Fall's finally in a good place. His English, a fourth language after French, Arabic and an African language called Wolof, is excellent. He has a 4.0 GPA and he's decided on UCF for college, which will keep him near his host family and his friends. It will put him on the path to an engineering job; he hopes to someday work for a tech company like Siemens or Microsoft.

Choosing a college also ends the rancor of recruiting, although his AAU coach is asked if he can be convinced to switch. Tacko can spend his senior season learning the game and enjoying the cocoon of a tiny school in an out-of-the-way place.

"I want to be a McDonald's All-American," he says with a smile.

He learned to drive, which he did with Wettstein's help over the last few weeks. He had to slide the driver's seat in Wettstein's car all the way back, and his feet barely fit in the footwell.

"He drives like a Florida grandma," she jokes.

Fall told Wettstein's daughter, Jordyn, that he's "driving like a boss."

He and his host family celebrated his 19th birthday on Dec. 10 – Fall had broccoli and cheese sauce, one of his favorite foods. (Yes, Tacko does enjoy tacos.) Wettstein couldn't wait to unveil his gift, which she spent weeks trying to find: size 22 flip-flops.
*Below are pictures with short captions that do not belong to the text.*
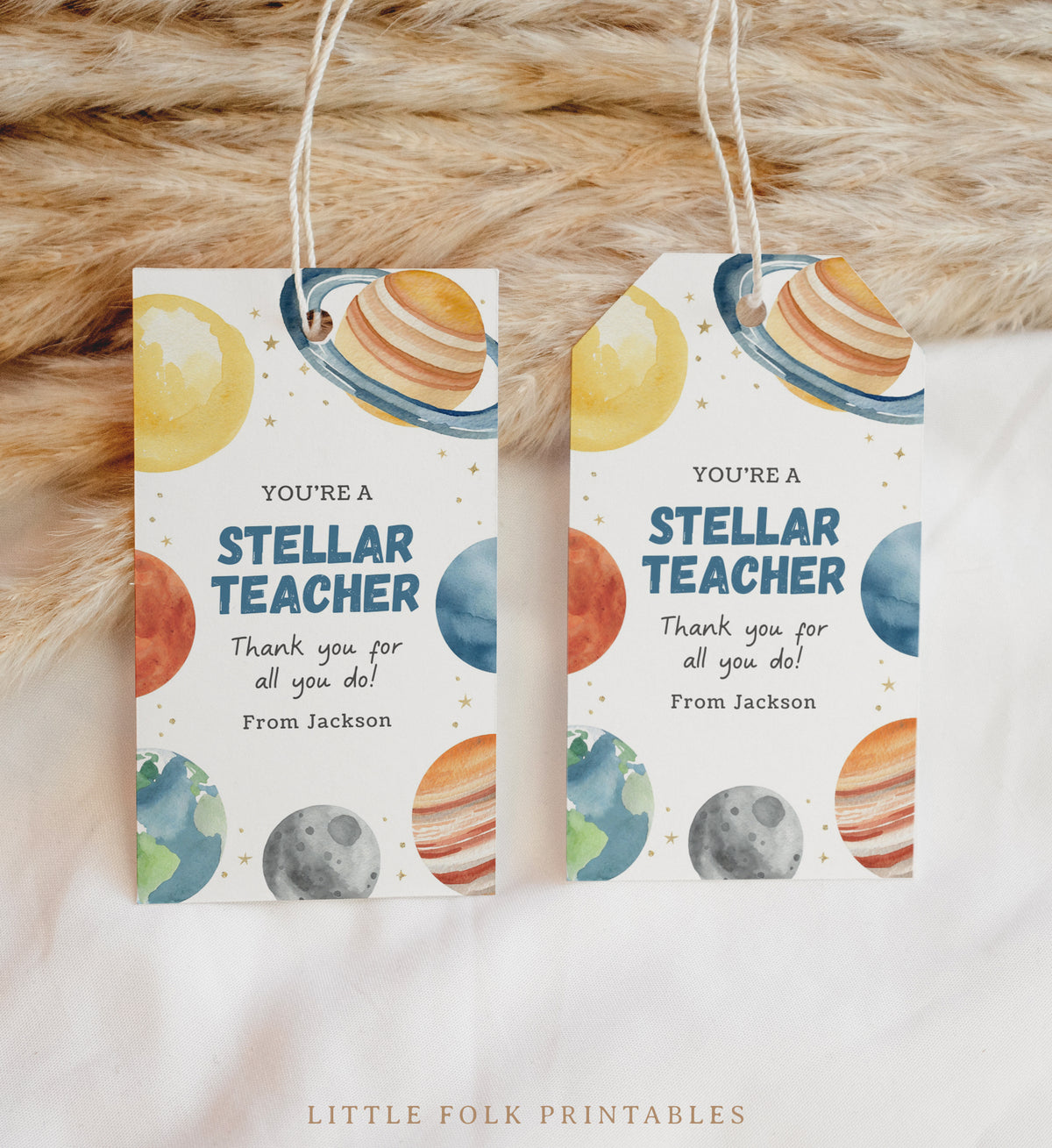 Outer Space Teacher Appreciation Tag Template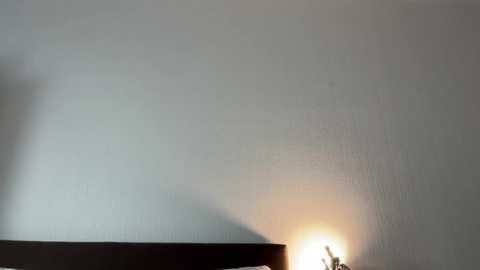 Video of a dimly lit room with a smooth, pale gray wall and a small, warm, white light source in the bottom right corner.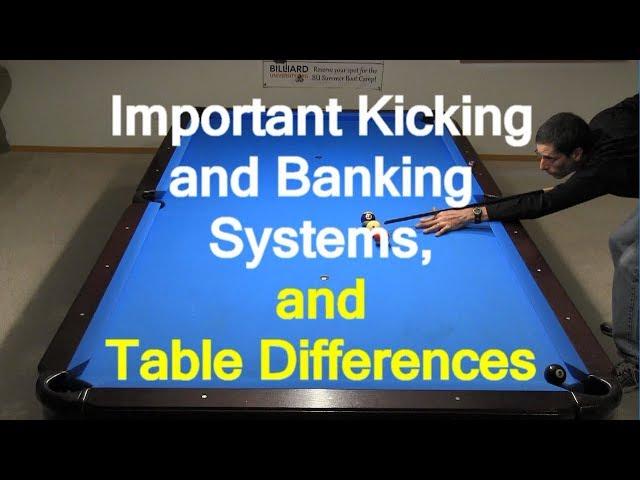 Kick and Bank Shot Diamond Systems, and Pool Table Differences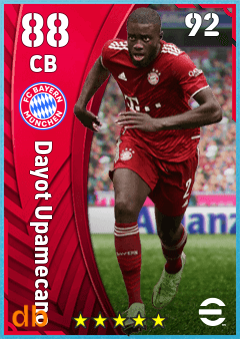 Dayot Upamecano — CB, OVR 88, MAX 92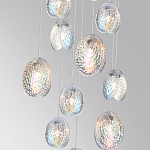 Люстра каскадная с 11-ю круглыми плафонами из рельефного стекла Disc Light варинант исполнения - 3 | Loft Concept в Уфе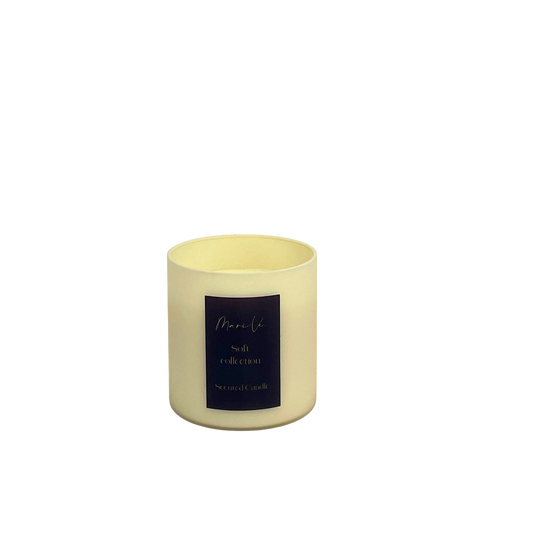Handgemaakte crème kandelaar met fluweelzachte pioenroos-geur, 280 ml.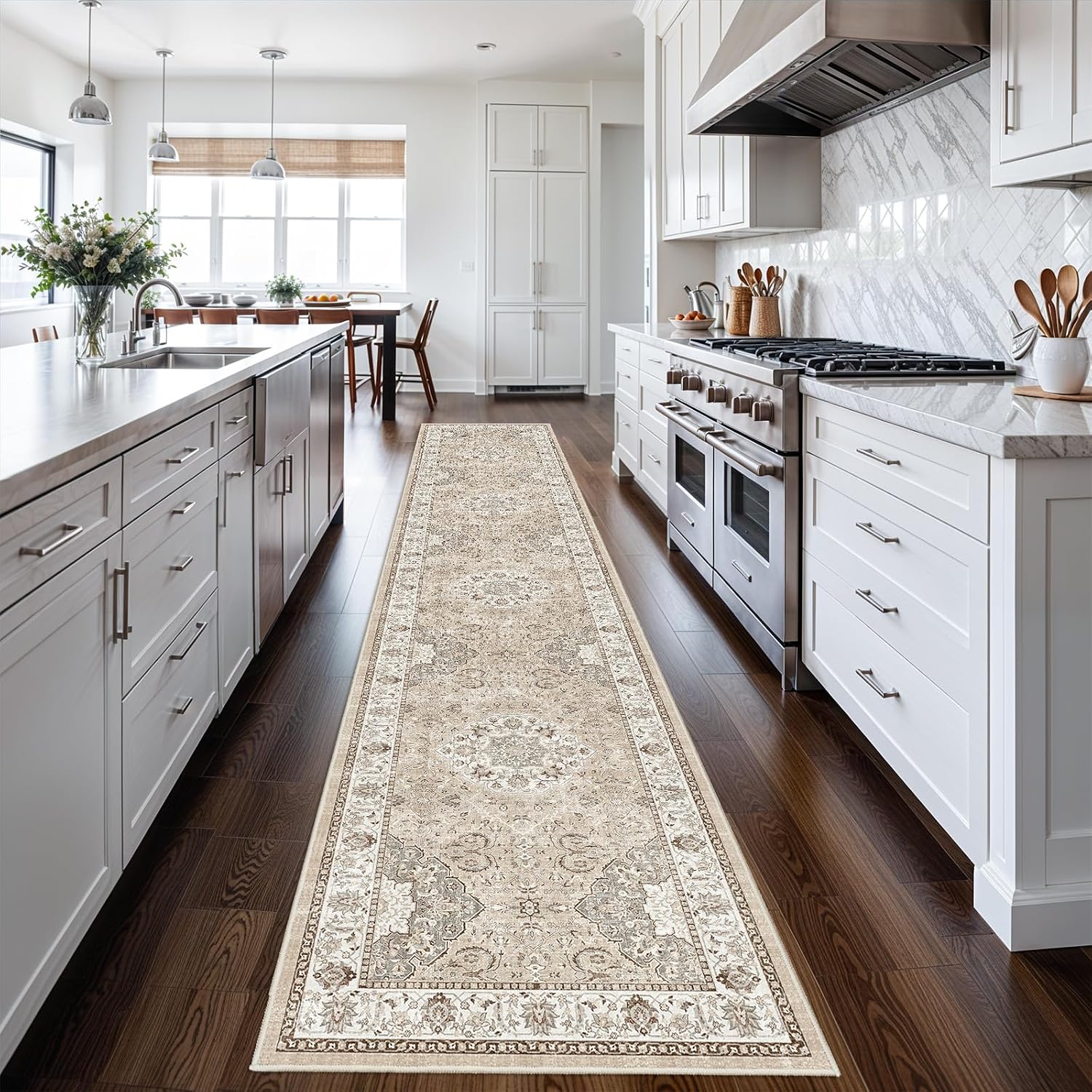 Thumbnail 6 de 2.6x12 Beige Washable Hallway Runner Rug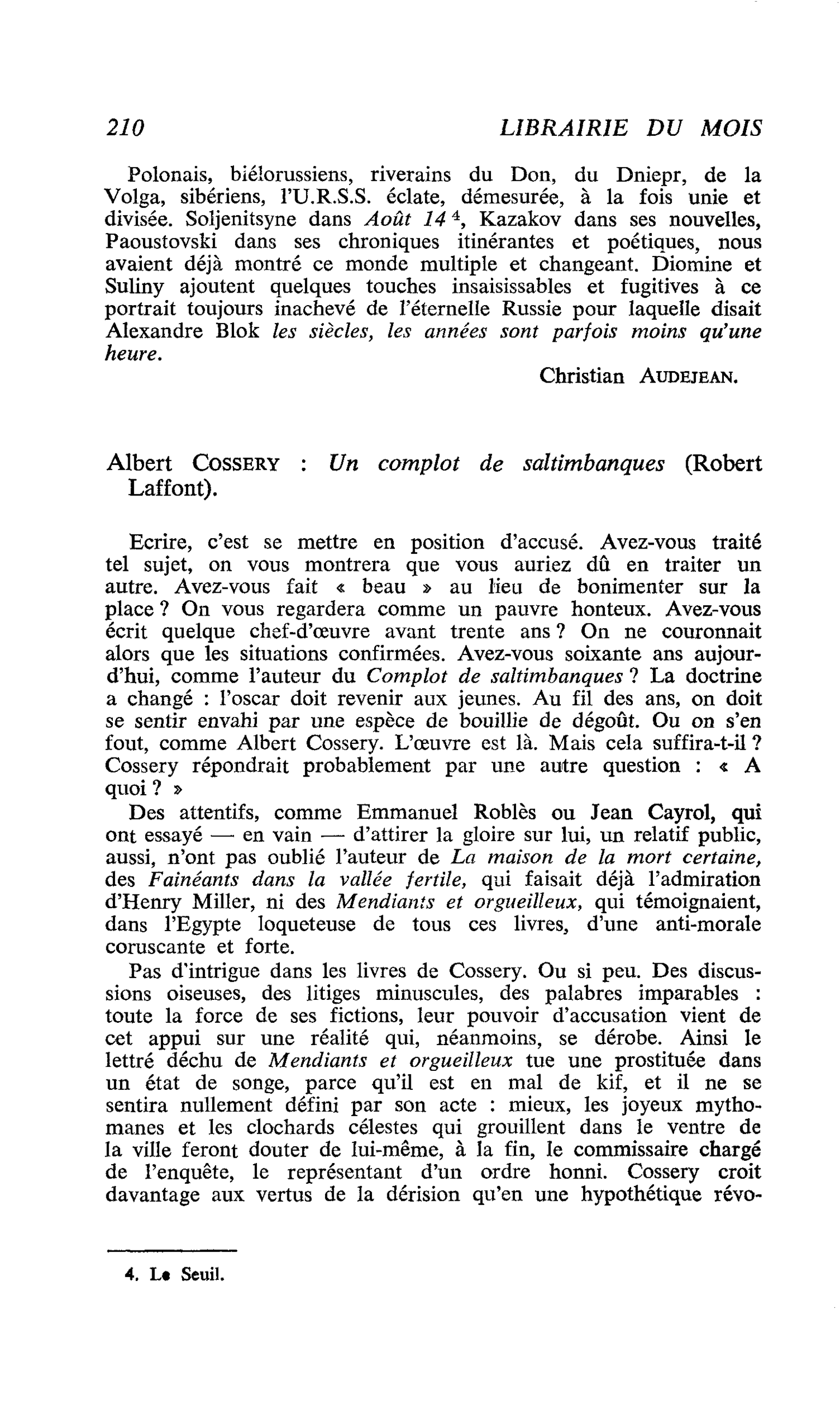 Albert Cossery : Un complot de saltimbanques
They would become the only footwear Tacko owns that isn't some form of sneakers. Tacko was thrilled; for years he only had that one pair of worn-out sandals.

A ton of attention is coming. At UCF, he'll be playing in a major market, and both his highlights and his mistakes will get extra scrutiny. He will be expected to make the NBA, which is both a gift and a burden. One day he may be able to buy an extra-large bed, a house with an extra-large shower, and sit on planes with extra-large seats. For now, one of the best luxuries is the sight of the extra-small kids who line up to high-five him in the hallways, happy to see him walk by.